The earthworks are visible from public places and from the sea.
The
applicant then applied for retrospective non-notified resource,
which has
subsequently been approved by the council.
* Onetangi landfill, Waiheke Island - The applicant applied
for consent to
construct bunding and backfill with clean fill. The earthworks
were
adjacent to a public reserve and in the centre of Onetangi Village.
The
reserve is largely flat low-lying wetland.
* Non-notification of an application by Fletcher Challenge Energy
to carry
out seismic surveys (New Plymouth District Council). The surveys
had
significant adverse effects on the local community. Drilling
also
encroached into Maori burial grounds.
* Non-notification of new 42 dwelling subdivision development
in Chartwell,
Christchurch.
* Non-notification of multi-storey apartment development, Kelburn
Parade,
Wellington. Development had significant adverse and ongoing
effects on
neighbours. The recent Assignment programme covered this application.

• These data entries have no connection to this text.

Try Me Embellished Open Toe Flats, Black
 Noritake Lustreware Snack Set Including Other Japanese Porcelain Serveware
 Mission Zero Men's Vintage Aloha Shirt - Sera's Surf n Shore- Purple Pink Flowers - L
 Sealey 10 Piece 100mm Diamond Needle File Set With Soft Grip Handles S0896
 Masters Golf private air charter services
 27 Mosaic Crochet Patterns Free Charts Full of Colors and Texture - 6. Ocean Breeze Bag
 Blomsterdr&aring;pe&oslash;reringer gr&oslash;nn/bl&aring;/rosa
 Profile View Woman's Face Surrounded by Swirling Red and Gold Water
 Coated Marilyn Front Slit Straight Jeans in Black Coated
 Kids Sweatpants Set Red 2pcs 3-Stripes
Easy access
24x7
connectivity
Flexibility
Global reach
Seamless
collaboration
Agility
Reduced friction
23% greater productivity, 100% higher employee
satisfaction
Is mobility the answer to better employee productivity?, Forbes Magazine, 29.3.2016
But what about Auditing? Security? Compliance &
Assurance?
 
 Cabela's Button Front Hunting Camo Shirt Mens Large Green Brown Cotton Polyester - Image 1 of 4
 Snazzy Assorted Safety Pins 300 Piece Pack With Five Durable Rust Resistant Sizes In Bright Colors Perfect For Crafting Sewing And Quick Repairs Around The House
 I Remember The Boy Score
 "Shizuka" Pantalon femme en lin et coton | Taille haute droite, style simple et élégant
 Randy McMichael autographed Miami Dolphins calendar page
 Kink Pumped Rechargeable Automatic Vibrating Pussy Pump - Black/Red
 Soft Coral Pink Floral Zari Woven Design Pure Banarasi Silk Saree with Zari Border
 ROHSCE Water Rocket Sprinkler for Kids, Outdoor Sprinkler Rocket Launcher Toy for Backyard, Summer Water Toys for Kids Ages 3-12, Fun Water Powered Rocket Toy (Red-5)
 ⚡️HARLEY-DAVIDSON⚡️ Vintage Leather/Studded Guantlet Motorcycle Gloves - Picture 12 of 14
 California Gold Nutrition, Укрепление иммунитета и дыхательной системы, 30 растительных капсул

* Non-notification of a consent to clear-fell 100 ha in the
Catlins granted
by Clutha District Council.
COSTS OF THE RMA
It is not uncommon to hear claims that the RMA creates 'unnecessary
costs,
delays, and uncertainties', but how much is environmental management
really
costing us? A recent OECD Report (Businesses' Views on Red Tape:
Administrative and Regulatory Burdens on Small and Medium-Sized
Enterprises
(2001) OECD) shows that New Zealand businesses require fewer
resource
consents under the RMA, than the number of permits required
under
environmental legislation in most of the ten other countries
surveyed. The
Report shows that it costs New Zealand businesses significantly
less to
comply with the RMA, than the cost to comply with our tax and
employment
legislation. It estimates that 42% of our businesses' compliance
costs come
from meeting the requirements of tax legislation, 32% from employment
legislation and only 25% from meeting environmental standards.
Further, the
overall compliance costs for New Zealand businesses are substantially
below
the average compliance costs for the OECD countries surveyed
in the Report.
The RMA, by its nature, is weighted in favour of developers
and against
community groups. Developers have better access to information,
funding,
scientific expertise, and legal representation, while community
groups are
usually under-resourced and unable to participate. Participating
at the
Environment Court level also exposes community groups to the
risk of having
costs awarded against them. After losing their case, legal costs
of nearly
$27,000 were awarded against the Save the Sounds - Stop the
Wash group,
which had sought to reduce the speed of the fast ferries to
address
environmental and safety issues (Marlborough District Council
v New Zealand.
Rail Limited 1 NZED 60). The Marlborough District Council has
since passed
bylaws to reduce ferry speed. Claims that "vexatious" submitters
hold up
development are used as an argument to reduce public participation.
However, few members of the community have the time or energy
to
participate in the RMA planning process - if they manage to
hear about and
understand a proposal, writing a submission can still be a daunting
prospect (let alone appearing before a council hearing committee).
The RMA
devolves responsibility for the environmental public interest
to
communities but there is little support for those that participate
to
ensure that councils properly consider the environment.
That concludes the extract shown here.